§ **Task directions**
A faithful copy of the listing below is needed, with its pictures left out.
*** Dataset section ***
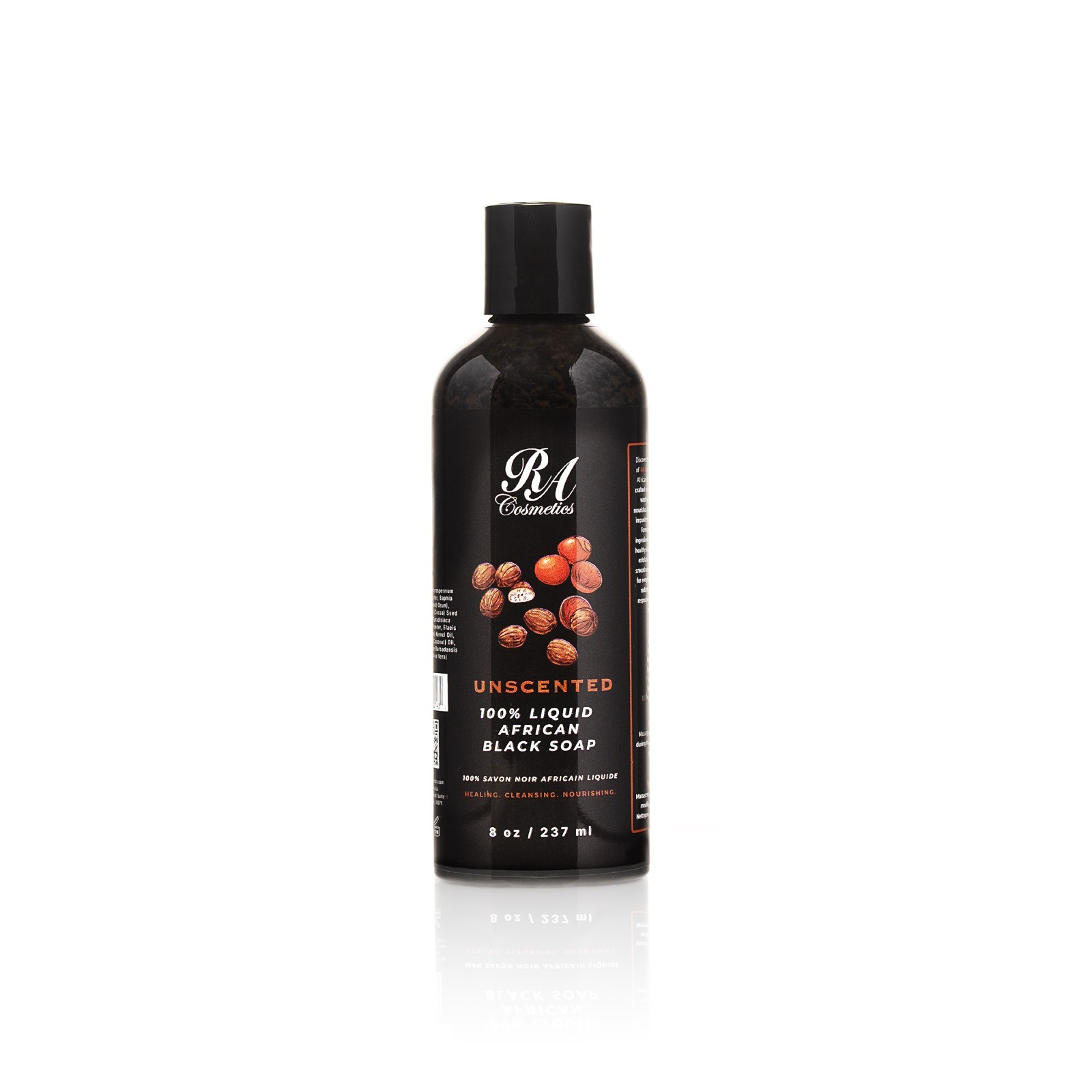 RA Cosmetics African Liquid Black Soap 8oz – Body & Face Wash – For Oily & Acne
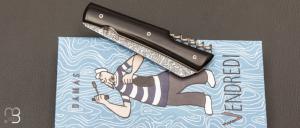 Couteau " Le Vendredi" par Perceval - ébène du Gabon et lame en damas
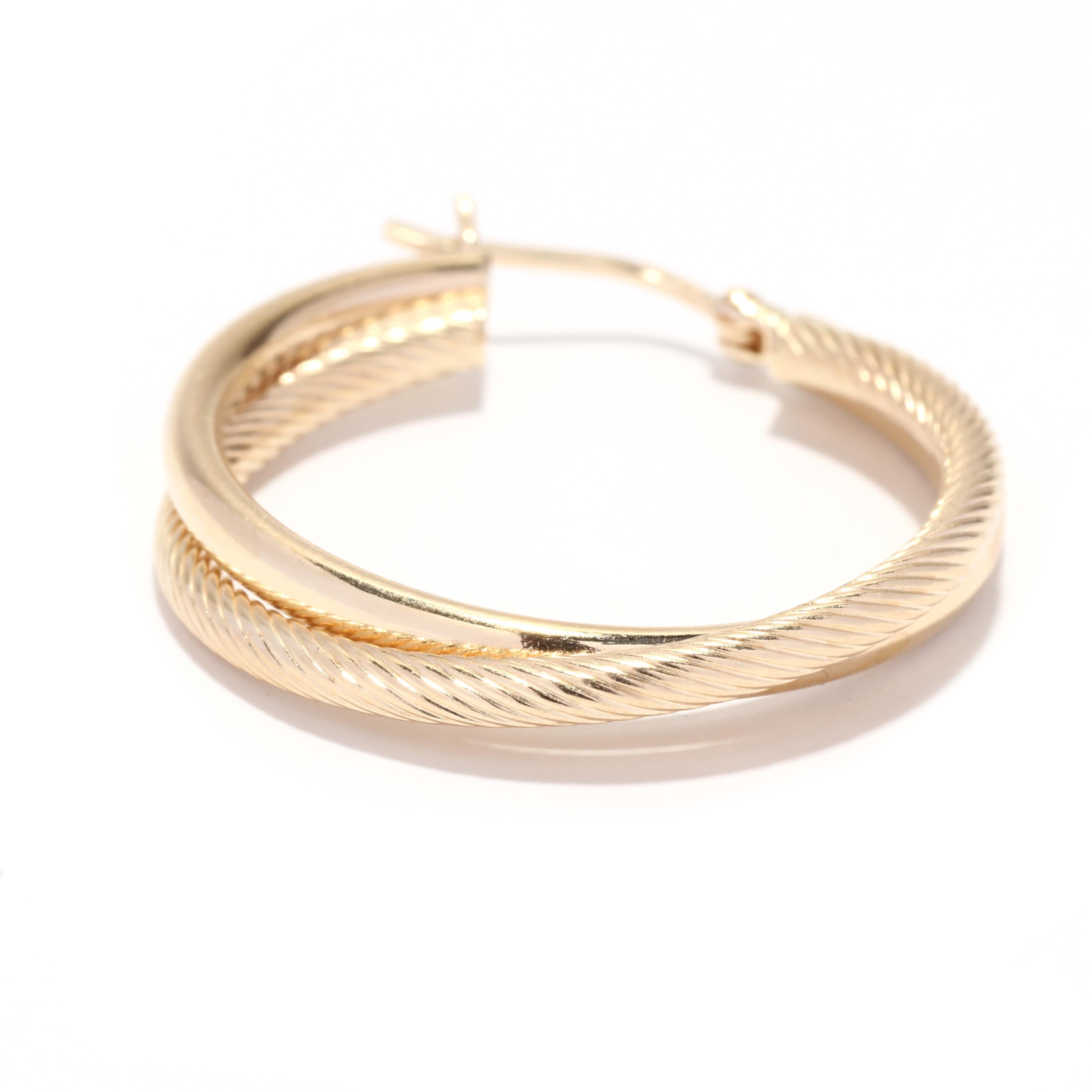 Gold Twist Doppelreihige Creolen, 14K Gold, Crossover Kabel-Ohrringe 2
***
§ **Output for this exercise**
 RA Cosmetics African Liquid Black Soap 8oz – Body & Face Wash – For Oily & Acne
 Couteau " Le Vendredi" par Perceval - ébène du Gabon et lame en damas
 Gold Twist Doppelreihige Creolen, 14K Gold, Crossover Kabel-Ohrringe 2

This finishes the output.